In holding that the AAO erred in categorically prohibiting all culturally-acquired knowledge supporting a specialized knowledge determination, the DC Circuit noted that:
  • USCIS did not provide a reasoned analysis of why "specialized knowledge" bars all knowledge acquired through one's culture and life experience.
  • Nothing in the statute excludes culturally-acquired knowledge as a form of "specialized knowledge."
  • While the mere status of being from a region alone is not "specialized knowledge," actual knowledge acquired through culture and experience may distinguish the individual from other employees who must learn those skills.
  • Evidence showed that Gasparetto gained much of his relevant skills through experiences participating in churrasco in Brazil.
  • A lack of express reference to culture in the L-1B visa program does not mean that culture cannot be considered when determining "specialized knowledge."
  • The AAO departed from policy guidance and rejected Fogo de Chao's relevant evidence of the economic inconvenience that would result from the rejection of Gasparetto's visa.
  • Fogo de Chao's arguments that the AAO's decision was inconsistent with previous USCIS decisions or precedent were without merit because:
    • although Fogo de Chao argued that the over 200 other visas approved featured similar circumstances, it did not provide evidence to prove that point;
    • approval of a visa application on one occasion does not create entitlement to further approvals; and
    • Fogo de Chao did not demonstrate how prior interpretations of the specialized knowledge standard differed from the AAO's interpretation in this case.

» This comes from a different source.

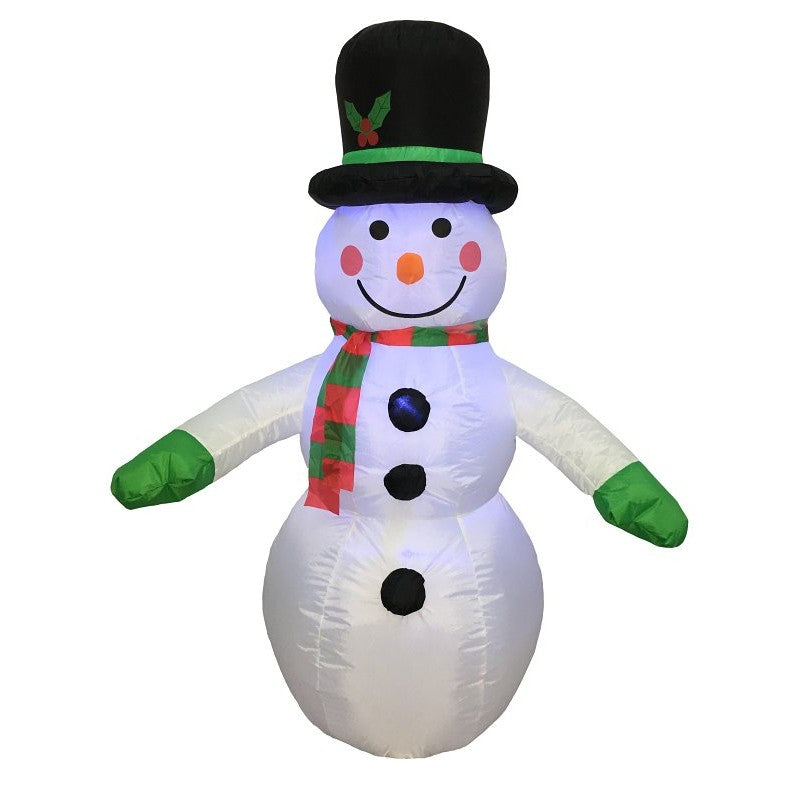 Hometown Holidays 90333 Christmas Inflatable Snowman, 4 ft H, Nylon, White, LED Bulb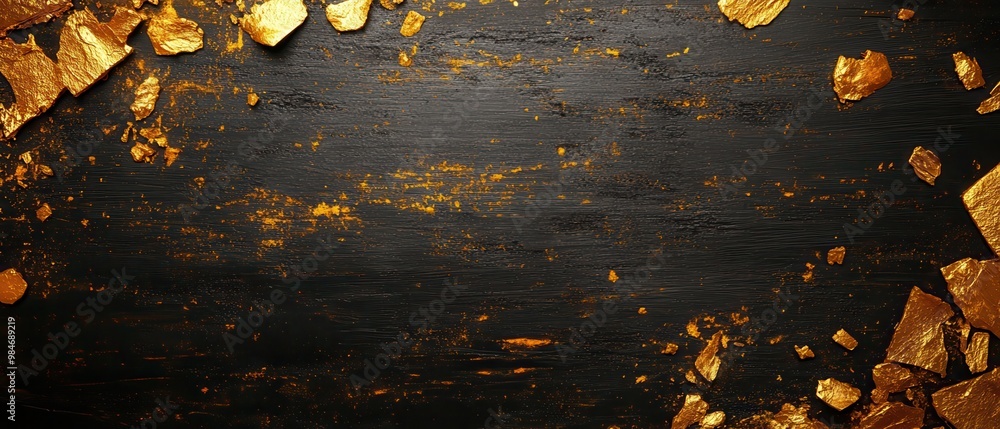 Poster abstract black background with golden textures and uneven edges.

The DC Circuit noted that:
  • The AAO did not provide substantial evidence to support its conclusion that Gasparetto did not complete the necessary training program.
  • An agency may not ignore uncontradicted evidence without explanation.
  • The AAO's factual conclusions that a churrasqueiro does not require specialized knowledge were remanded for further explanation.
  • Fogo de Chao did not adequately prove that USCIS's decision-makers prejudged the Gasparetto decision, as it based its claim on an isolated statement in a court filing reciting the agency's litigation position.
  • It could not affirm the AAO's decision because USCIS's inadequate reasoning precluded the court from finding that the agency would have resolved the Gasparetto petition in the same manner minus its errors.

Practical Implications

USCIS has applied increasingly strict scrutiny on L-1B petitions over the past several years, resulting in a lack of clarity and understanding of what actually qualifies as "specialized knowledge." In this case, the DC Circuit held that there was insufficient evidence to ban cultural background and life experiences from constituting "specialized knowledge" for the purposes of receiving L-1B status. In addition, the DC Circuit calls upon USCIS to follow its own guidance memoranda, particularly the Puleo and Ohata Memoranda, in interpreting the specialized knowledge category, and requires USCIS to apply greater analysis than merely repeating the agency's regulations, which simply echo the statute. Employers that petition for L-1B workers can look to this decision for guidance on what might fall under the umbrella of specialized knowledge.